Extract the opening line of the entries and every line after it, stopping at and including the line that contains "Usado Ford Focus". Do not include pictures.

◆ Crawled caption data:
┏━━

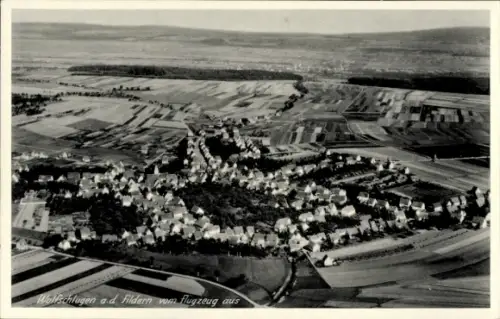 Ak Wolfschlugen in Württemberg, Luftaufnahme von  ländliche Umgebung, Häuser, Felder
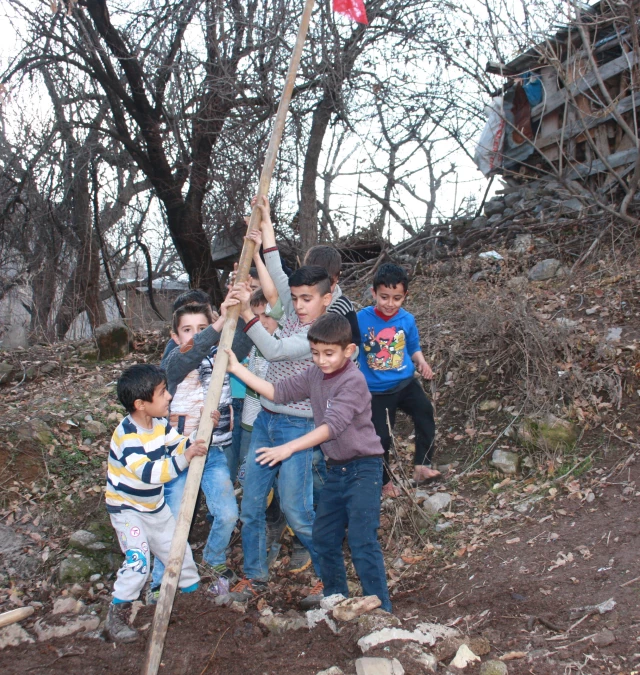 Şırnaklı Çocukların Bayrak Sevgisi! Yerde Buldular, Köy Meydanına Diktiler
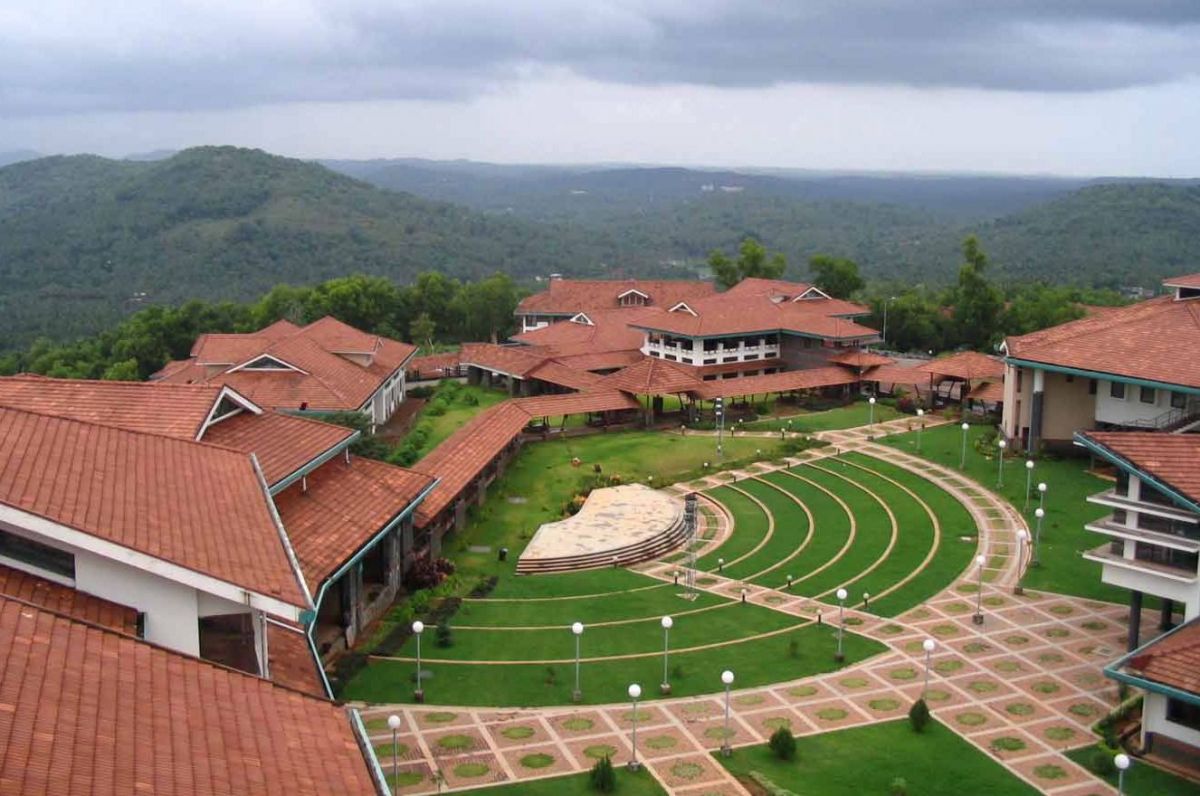 IIM Kozhikode is is giving excellent salary for these posts, know how to apply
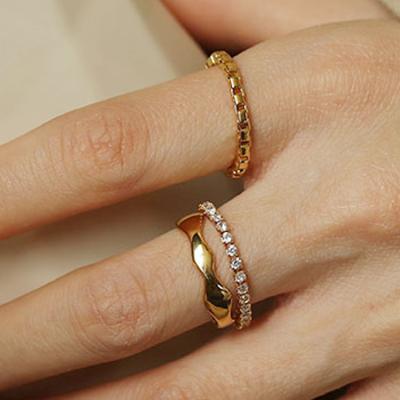 China Minimalist Zircon Diamond Gold Plated Brass Chain Pinky Rings Cool Romantic Woman Jewelry Rings for sale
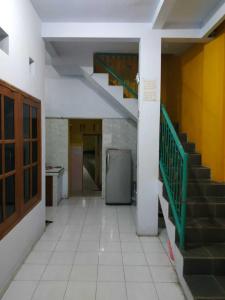 Hotel O Kost Bu Tutik Syariah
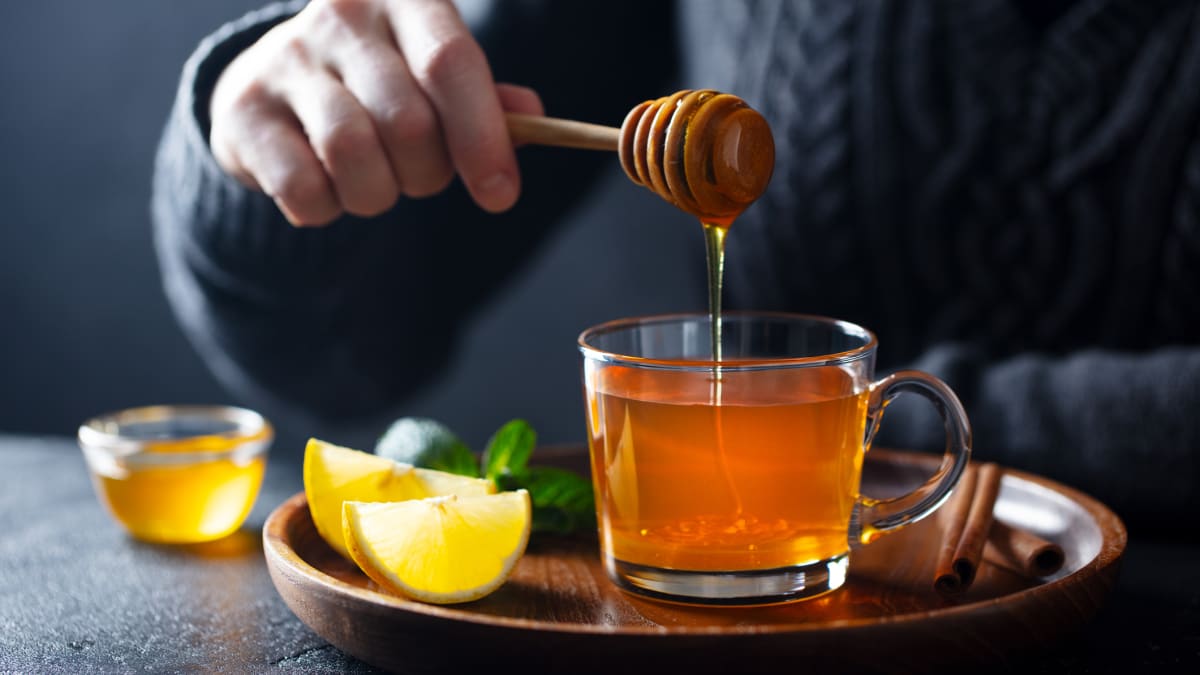 Med v čaji si zachovává prospěšné látky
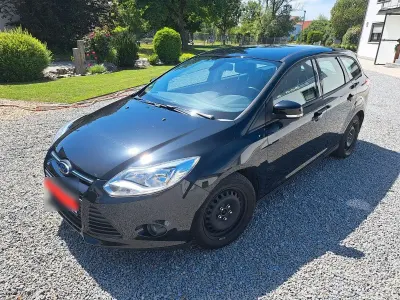 Usado Ford Focus Trend+ 116 CV (85 kW) 2014 Negro Familiar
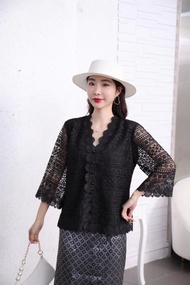 FON เสื้อลูกไม้กระดุมหน้าคอวี มีไซร้รอบอก38-40-42-44นิ้ว#SW022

┗━━

◆ Final answer:
 Ak Wolfschlugen in Württemberg, Luftaufnahme von  ländliche Umgebung, Häuser, Felder
 Şırnaklı Çocukların Bayrak Sevgisi! Yerde Buldular, Köy Meydanına Diktiler
 IIM Kozhikode is is giving excellent salary for these posts, know how to apply
 China Minimalist Zircon Diamond Gold Plated Brass Chain Pinky Rings Cool Romantic Woman Jewelry Rings for sale
 Hotel O Kost Bu Tutik Syariah
 Med v čaji si zachovává prospěšné látky
 Usado Ford Focus Trend+ 116 CV (85 kW) 2014 Negro Familiar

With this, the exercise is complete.